**Your objective**: Each line from the one containing "Póster Mapa pictórico" through the end of the data must be retyped exactly, and no other line.

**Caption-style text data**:
******

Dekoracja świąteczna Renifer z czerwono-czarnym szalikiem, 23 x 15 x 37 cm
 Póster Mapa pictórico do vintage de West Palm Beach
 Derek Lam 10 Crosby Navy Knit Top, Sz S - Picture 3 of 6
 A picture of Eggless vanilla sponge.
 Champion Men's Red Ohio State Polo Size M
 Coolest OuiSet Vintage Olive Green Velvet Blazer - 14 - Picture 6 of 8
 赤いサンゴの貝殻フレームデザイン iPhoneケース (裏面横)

******

**Task output**:
 Póster Mapa pictórico do vintage de West Palm Beach
 Derek Lam 10 Crosby Navy Knit Top, Sz S - Picture 3 of 6
 A picture of Eggless vanilla sponge.
 Champion Men's Red Ohio State Polo Size M
 Coolest OuiSet Vintage Olive Green Velvet Blazer - 14 - Picture 6 of 8
 赤いサンゴの貝殻フレームデザイン iPhoneケース (裏面横)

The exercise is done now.